Estimated useful lives are as follows:

 

 

Years

Autos  

           3

Equipment

5 - 10 

Furniture and Fixtures

3 -  7 

Building

7 - 40 

  

Revenue recognition

 

At contract inception, the Company assesses the goods and services to be provided to a customer and identifies a performance obligation for each distinct good or service.   The transaction price for each performance obligation is determined at contract inception.  Contracts, generally in the form of a purchase order, specify the product or service that is to be provided to the customer. The typical contract life is less than one month and contains a single performance obligation, to provide conforming goods or services to the customer.  Certain contracts have a second performance obligation, which typically is the initialization of the HazardPRO product.  For contracts with multiple performance obligations, the transaction price is allocated to each performance obligation using the relative stand-alone selling price.  Stand-alone selling prices are based on observable stand-alone prices charged to customers.  Product revenue is recognized at the point in time when control is transferred to the customer, which typically occurs upon shipment.  Service revenue is recognized when provided to the customer, and typically takes less than a week to provide.

 

Advertising costs

 

The Company expenses advertising costs as incurred. Total advertising expense was $42 and $46 in 2024 and 2023, respectively.

 

Research and development

 

Expenditures for research and development are expensed as incurred. The Company incurred expenses of $1,013 and $973 in 2024 and 2023, respectively.

 

Income taxes

 

The Company presents deferred income taxes on an asset and liability approach to financial accounting and reporting for income taxes. The Company annually determines the difference between the financial reporting and tax bases of assets and liabilities. The Company computes deferred income tax assets and liabilities for those differences that have future tax consequences using the currently enacted tax laws and rates that apply to the periods in which these laws are expected to affect taxable income. Income tax expense is the current tax payable or refundable for the period plus or minus the net change in the deferred tax assets and liabilities, excluding the portion of the deferred asset or liability allocated to other comprehensive income (loss). Deferred taxes are reduced by a valuation allowance to the extent that realization of the related deferred tax asset is not certain.  We have a valuation allowance on our deferred tax asset of $311 and $279 at December 31, 2024 and 2023, respectively. 

 

The Company recognizes the effect of income tax positions only if those positions are more likely than not to be sustained. The Company recognizes income tax positions at the largest amount that is more likely than not to be realized.

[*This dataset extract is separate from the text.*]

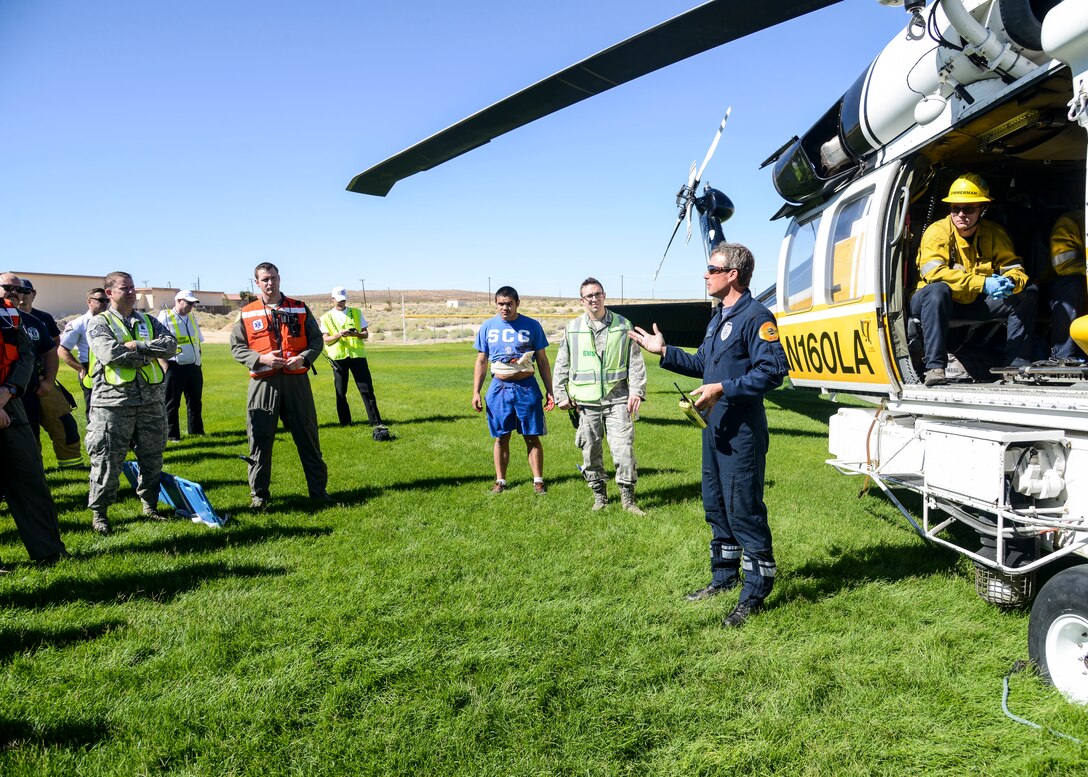 Crew Chief Mike Dubron, a firefighter and paramedic with the Los Angeles County Fire Department, briefs first responders on his helicopter and crew’s capabilities immediately following an active shooter scenario exercise at Desert Junior-Senior High School at Edwards Air Force Base, California, Sept. 18, 2018. The helicopter crew shared information such as required medevac landing zone sizes with the Edwards emergency first responders. (U.S. Air Force photo by Giancarlo Casem)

The Company reflects changes in recognition or measurement in the period in which the Company's change in judgment occurs.

 

The Company records interest and penalties related to unrecognized tax benefits in income tax expense.

 

Net income per common share


Basic earnings per share (EPS) excludes dilution and is determined by dividing net income by the weighted average number of common shares outstanding during the period. Diluted EPS reflects the potential dilution that could occur if securities such as options were exercised or converted into common stock.  For the years ending December 31, 2024 and 2023, respectively, options to purchase 185,000 and 175,000 weighted average common shares have been excluded from the diluted weighted average shares because their effect would be anti-dilutive.  In addition, for the years ended December 31, 2024 and 2023, 84,000 and 105,000, respectively, restricted stock units have been excluded from the calculation because their effect would be anti-dilutive. 

 

The following information presents the Company’s computations of basic and diluted EPS for the periods presented in the statements of comprehensive income.

 

 

 

Income

 

 

Shares

 

 

 Per share amount

 

 

 

 

 

 

 

 

 

 

 

2024:

 

 

 

 

 

 

 

 

 

 

 

 

Basic EPS

 

$

446

 

 

3,435,040

 

 

$

0.13

Effect of dilutive stock options

 

 

 

 

 

 

0

 

 

 

0.00

Diluted EPS

 

$

446

 

 

3,435,040

 

 

$

0.13

 

 

 

 

 

 

 

 

 

 

 

 

 

2023:

 

 

 

 

 

 

 

 

 

 

 

 

Basic EPS

 

$

275

 

 

3,428,021

 

 

$

0.08

Effect of dilutive stock options

 

 

 

 

 

 

0

 

 

 

0.00

 

Diluted EPS

 

$

275

 

 

3,428,021

 

 

$

0.08


Stock-based compensation


The Company records compensation expense for stock options based on the estimated fair value of the options on the date of grant using the Black-Scholes-Merton (“BSM”) model. The Company uses historical data, among other factors, to estimate the expected price volatility, the expected option life and the expected forfeiture rate. The risk-free rate is based on the U.S. Treasury yield curve in effect at the time of grant for the estimated life of the option. At December 31, 2024, the Company had one stock-based compensation plan.

 

New Accounting Standard Not Yet Adopted

 

The Financial Accounting Standards Board ("FASB") issued an Accounting Standards Update ("ASU") Disaggregation of Income Statement Expenses in November 2024 and issued ASU 2025-01 in January 2025 to clarify its effective date.  This ASU provides investors with more decision-useful information about a business entity’s expenses. The ASU requires companies to provide detailed disclosure of specified categories underlying certain expense captions in interim and annual periods. It would provide investors with more detailed information about the types of expenses, including employee compensation, depreciation, amortization, and costs incurred related to inventory and manufacturing activities in income statement expense captions such as cost of sales; selling, general and administrative; and research and development.  The ASU does not change or remove existing expense disclosure requirements and does not change requirements for presentation of expenses on the face of the income statement. It requires companies to include certain existing disclosures in the same tabular format disclosure.  The ASU is effective for annual reporting periods beginning after December 15, 2026, and interim reporting periods within annual reporting periods beginning after December 15, 2027. Early adoption is permitted.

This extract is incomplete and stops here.